Чехов... Нет, она не забывала о той встрече, часто вспоминала о ней "с лёгкой, мечтательной грустью". Его рассказы то и дело появлялись в печати, о них говорили; вдруг всех удивила новость, будто он уехал на Сахалин, то есть на край света. Из Москвы через всю Сибирь до Тихого океана на лошадях! И куда же - на каторгу, в ад, по собственной охоте: ведь его туда никто не посылал.
Авиловы, после того как Михаил получил прибавку к жалованию, переехали на Николаевскую улицу, в удобную квартиру, поближе к Худековым. Помимо кухарки и няньки у них появилась ещё одна прислуга - пятнадцатилетняя Анюта, ставшая на всю жизнь незаменимой помощницей в семье. Дети отнимали у матери всё время. К сожалению, они часто болели, и тогда она делалась сама не своя.
А Чехов преодолевал тысячевёрстую весеннюю распутицу, перебирался через могучие сибирские реки, колесил по Сахалину, плыл по Океану, кашлял, болел и отовсюду посылал нежные поклоны какой-то Лидии Стахиевне.
В начале 1892 г. Худеков решил торжественно отметить 25-летие своей "Петербургской газеты". Он подумывал передать редакционные дела старшему сыну, а самому отдохнуть, вплотную занявшись обширным имением в Рязанской губернии. Ждал хозяина и земельный участок на берегу Чёрного моря, купленный по совету самого государя Александра Ш. Надежда Алексеевна всецело поддерживала замыслы мужа, мечтая заняться разведением кур и лебедей. Младшей сестре оставалось только дивиться.
– А как же литература?
– недоумевала она.
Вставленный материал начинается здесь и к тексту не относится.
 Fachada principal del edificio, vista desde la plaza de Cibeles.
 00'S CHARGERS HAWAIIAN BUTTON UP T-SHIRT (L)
Ведь Сергей Николаевич много писал, был автором двух романов из театральной жизни, пьес и балетных либретто.
Надежда Алексеевна уверяла, что сельский труд нисколько им не помешает заниматься и впредь литературой. У Лидии Алексеевны таких сил не было. Впрочем, главной заботой в то время у неё оставалась не литература, а режутся ли зубки у Лёвушки и прошёл ли животик у Ниночки.
Чехов, вернувшись с Сахалина, погрузился в новые дела. Не юге страны свирепствовал голод. Увы, народ в обширном Российском государстве периодически голодал. То здесь, то там случались неурожаи - бедствие хуже холеры, и народ - то есть крестьяне, ибо горожане составляли тогда ничтожное меньшинство, - голодал. Мнившие себя цветом нации столичные обитатели не голодали, конечно; о недороде и голоде в той или иной губернии они узнавали из газет, но сохраняли спокойствие, пока не находился кто-нибудь , начинавший об этом трубить.